Work required: For the listing that follows, report how many lines contain the string "with", giving the number alone.

Provided data:
>>>

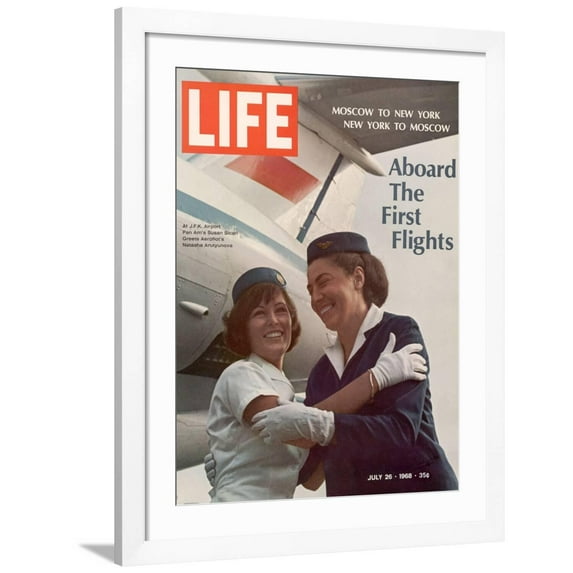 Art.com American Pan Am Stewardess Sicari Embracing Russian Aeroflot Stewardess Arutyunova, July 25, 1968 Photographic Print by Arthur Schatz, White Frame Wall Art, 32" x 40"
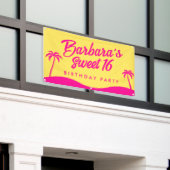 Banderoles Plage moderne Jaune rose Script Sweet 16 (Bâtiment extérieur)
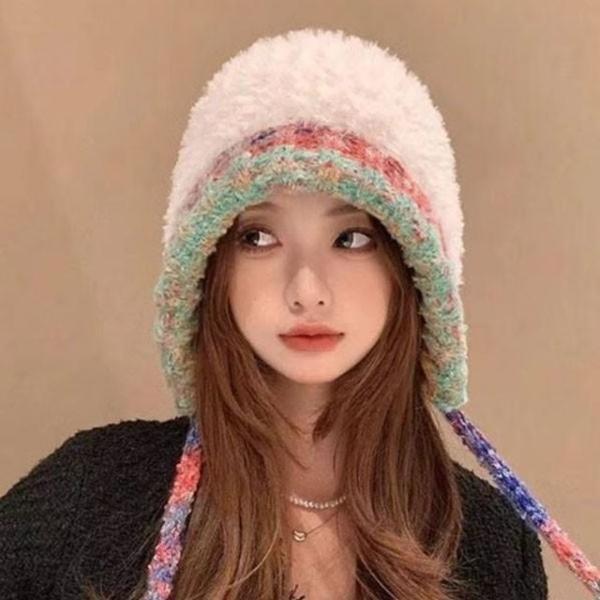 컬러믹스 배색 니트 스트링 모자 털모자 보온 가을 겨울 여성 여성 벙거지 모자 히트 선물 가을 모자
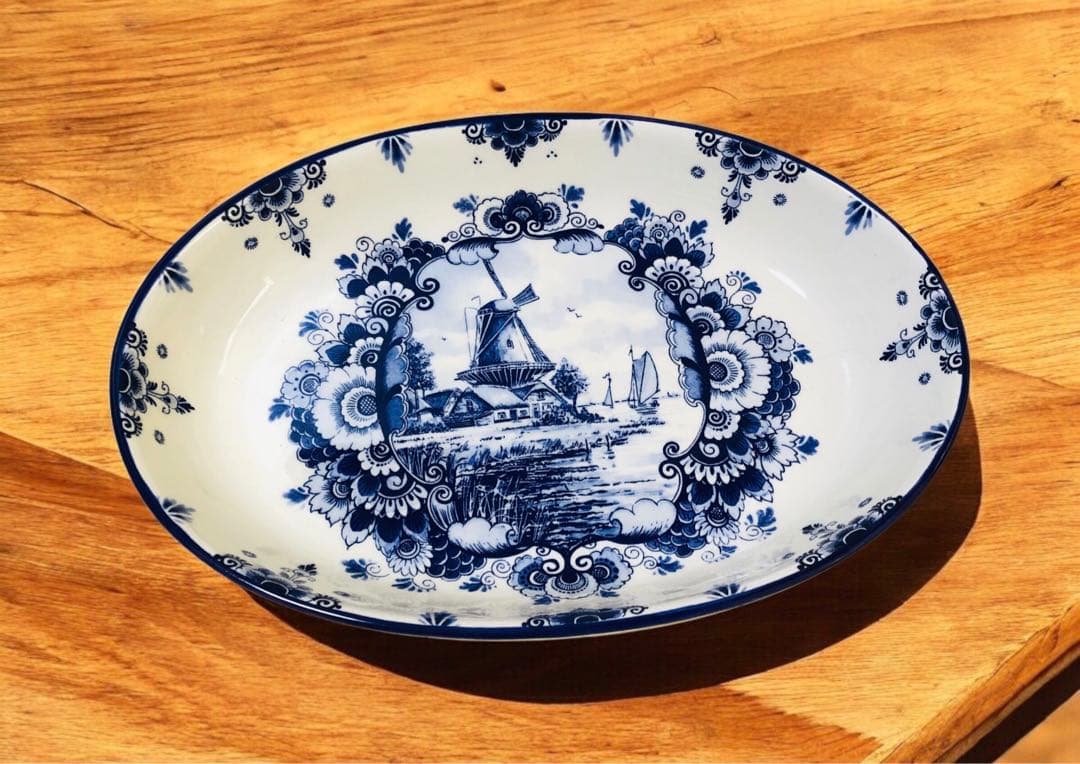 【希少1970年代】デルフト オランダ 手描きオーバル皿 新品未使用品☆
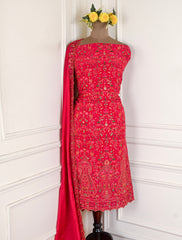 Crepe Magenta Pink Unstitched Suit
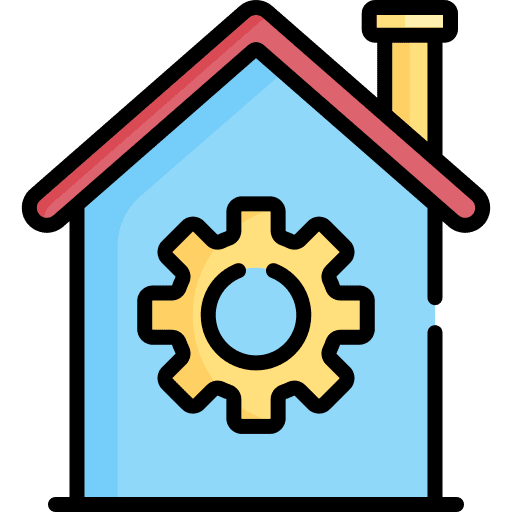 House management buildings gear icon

<<<
>>>

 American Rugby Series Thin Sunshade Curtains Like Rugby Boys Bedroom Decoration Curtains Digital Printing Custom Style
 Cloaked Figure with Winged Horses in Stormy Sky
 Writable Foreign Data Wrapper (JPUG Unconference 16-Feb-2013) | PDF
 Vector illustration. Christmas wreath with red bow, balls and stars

<<<

Your solution: 2